> What you are asked to do: Once the line with "Building Photo - 6050 Fonsac Ln" is found in the data, output it and each following line exactly, up to and including the line with "PUESTO AMBUALNTE DE", and nothing before or after.

> Record excerpts:
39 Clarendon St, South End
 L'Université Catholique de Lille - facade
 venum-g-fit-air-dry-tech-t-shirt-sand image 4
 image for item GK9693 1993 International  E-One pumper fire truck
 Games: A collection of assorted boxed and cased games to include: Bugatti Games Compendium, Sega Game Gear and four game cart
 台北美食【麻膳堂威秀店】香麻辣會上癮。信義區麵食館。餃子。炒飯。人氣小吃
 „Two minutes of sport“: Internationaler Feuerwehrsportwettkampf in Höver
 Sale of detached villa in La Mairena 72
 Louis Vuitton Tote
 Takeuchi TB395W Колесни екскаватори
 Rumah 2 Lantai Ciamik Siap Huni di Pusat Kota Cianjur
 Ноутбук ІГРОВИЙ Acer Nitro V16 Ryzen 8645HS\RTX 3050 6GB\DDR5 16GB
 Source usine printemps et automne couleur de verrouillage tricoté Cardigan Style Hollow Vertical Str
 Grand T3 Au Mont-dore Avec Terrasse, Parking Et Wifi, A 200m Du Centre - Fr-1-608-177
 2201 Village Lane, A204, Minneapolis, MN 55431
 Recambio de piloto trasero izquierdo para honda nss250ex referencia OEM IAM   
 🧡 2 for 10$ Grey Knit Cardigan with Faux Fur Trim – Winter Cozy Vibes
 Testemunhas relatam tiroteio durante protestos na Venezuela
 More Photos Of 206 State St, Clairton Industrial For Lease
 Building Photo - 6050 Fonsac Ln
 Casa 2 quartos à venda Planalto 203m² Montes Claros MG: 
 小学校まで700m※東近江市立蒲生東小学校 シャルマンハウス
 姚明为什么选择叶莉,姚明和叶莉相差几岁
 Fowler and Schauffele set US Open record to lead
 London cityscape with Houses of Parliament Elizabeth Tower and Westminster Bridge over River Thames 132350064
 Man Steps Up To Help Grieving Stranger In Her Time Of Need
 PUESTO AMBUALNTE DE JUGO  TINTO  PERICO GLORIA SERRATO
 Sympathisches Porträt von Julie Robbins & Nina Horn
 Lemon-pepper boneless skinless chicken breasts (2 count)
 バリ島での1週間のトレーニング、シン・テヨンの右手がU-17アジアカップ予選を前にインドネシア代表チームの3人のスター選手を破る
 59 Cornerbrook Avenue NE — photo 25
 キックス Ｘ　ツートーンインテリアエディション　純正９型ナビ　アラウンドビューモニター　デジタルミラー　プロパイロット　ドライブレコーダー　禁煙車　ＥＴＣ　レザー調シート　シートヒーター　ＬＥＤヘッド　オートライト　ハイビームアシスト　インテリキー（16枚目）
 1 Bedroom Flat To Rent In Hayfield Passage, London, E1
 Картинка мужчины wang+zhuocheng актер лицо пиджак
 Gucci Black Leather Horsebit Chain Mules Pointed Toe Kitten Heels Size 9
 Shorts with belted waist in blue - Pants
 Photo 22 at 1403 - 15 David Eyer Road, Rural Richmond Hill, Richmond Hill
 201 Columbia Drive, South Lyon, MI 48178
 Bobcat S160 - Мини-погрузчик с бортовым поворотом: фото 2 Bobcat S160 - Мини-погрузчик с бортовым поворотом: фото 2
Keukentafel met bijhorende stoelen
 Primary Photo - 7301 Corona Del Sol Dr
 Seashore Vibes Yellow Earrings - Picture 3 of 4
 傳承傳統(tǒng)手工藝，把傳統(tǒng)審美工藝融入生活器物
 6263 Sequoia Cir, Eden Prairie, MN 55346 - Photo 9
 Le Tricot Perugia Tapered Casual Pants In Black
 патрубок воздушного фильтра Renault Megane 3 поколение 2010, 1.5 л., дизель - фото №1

> Your solution:
 Building Photo - 6050 Fonsac Ln
 Casa 2 quartos à venda Planalto 203m² Montes Claros MG: 
 小学校まで700m※東近江市立蒲生東小学校 シャルマンハウス
 姚明为什么选择叶莉,姚明和叶莉相差几岁
 Fowler and Schauffele set US Open record to lead
 London cityscape with Houses of Parliament Elizabeth Tower and Westminster Bridge over River Thames 132350064
 Man Steps Up To Help Grieving Stranger In Her Time Of Need
 PUESTO AMBUALNTE DE JUGO  TINTO  PERICO GLORIA SERRATO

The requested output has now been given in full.